Rep. Nicholas Mavroules (D-Mass.) suggested the president was out to embarrass the Massachusetts senator for allowing draft-Kennedy drives to crop up nationwide and at the same time woo California's 45 electoral votes from another potential challenger, Gov. Edmund (Jerry) Brown Jr.

However, the White House denies it tried to influence the Navy's decision to award a $107.1 million contract to build a cable ship to National Steel and Shipbuilders of San Diego. Undersecretary of the Navy James Woolsey termed the charges "nonsense."

The low bidder, at $9.7 million, was General Dynamics Corp. of Quincy, Mass., the state's fifth largest employer and the source of one of the biggest payrolls in the heavily Democratic southeastern portion of the state.

General Dynamics, currently completing its only contract, will begin to lay off the first of about 4,500 workers next month, company officials said. State economic forecasters say the loss of the cable ship contract could eventually cost the region up to 20,000 jobs.

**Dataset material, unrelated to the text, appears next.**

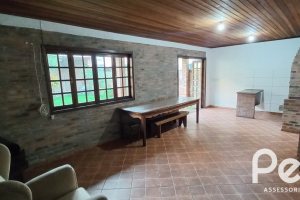 Casa à venda com 265m², 3 dormitórios, 1 suíte, 3 vagas, no bairro Ipanema em Porto Alegre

"Politicians in this area are going to have a hard time shilling for the president when their neighbors are out of work," said Rep. Brian Donnolly, an early Carter backer who led the aggressive lobbying effort to win the Navy contract for this Quincy yard.

Members of the state's congressional delegation have met with Navy representatives and White House congressional liaison Terry Straub. Sens. Kennedy and Paul Tsongas, several congressmen and Gov. Edward J. King also toured the shipyard with Woolsey recently.

King, one of the few outright Carter supporters in a state that holds the nation's second presidential primary, twice contacted White House aide Jack Watson to push the contract.

The effort was to no avail, said Woolsey, who cited the detailed procurement statutes and regulations drafted by Congress to insulate the contract procedure from politics.

"It was a normal, formal procedure, involving a technical assessment," he said. "This ship and this contract were handled in accordance with law and regulations and there was no White House involvement -- period."

Added deputy White House press secretary Patricia Bario: "The White House involvement was none. There was no intervention by the president or any White House personnel on his behalf."

However, the Office of Management and Budget audited the bids before the contract was awarded, Bario said, at the request of a member of the Massachusetts congressional delegation. Donnolly says no congressman from his state made that request.

"Who are they kidding?" said Mavroules. "I've been involved in politics for a long time and if the White House wanted Quincy to get that contract, they would have moved heaven and earth to do it."

Mavroules, a member of the Armed Services Committee, has received approval for a congressional probe into the contract.

Said Donnolly: "It wouldn't surprise me if somebody over at the White House found out the contract was about to go through and said, 'Hey, what are we doing a favor for Kennedy for?' and killed it."

But Bario says the charge of presidential retribution against Kennedy "has no basis in fact. I'm trying to kick this story as loudly and firmly and clearly as I can because it's absolutely false."

In an unprecedented move, General Dynamics has filed a formal complaint with the General Accounting Office, Congress' auditing arm. The Massachusetts congressional delegation has asked that the Navy not be permitted to honor the contract until a GAO investigation is completed.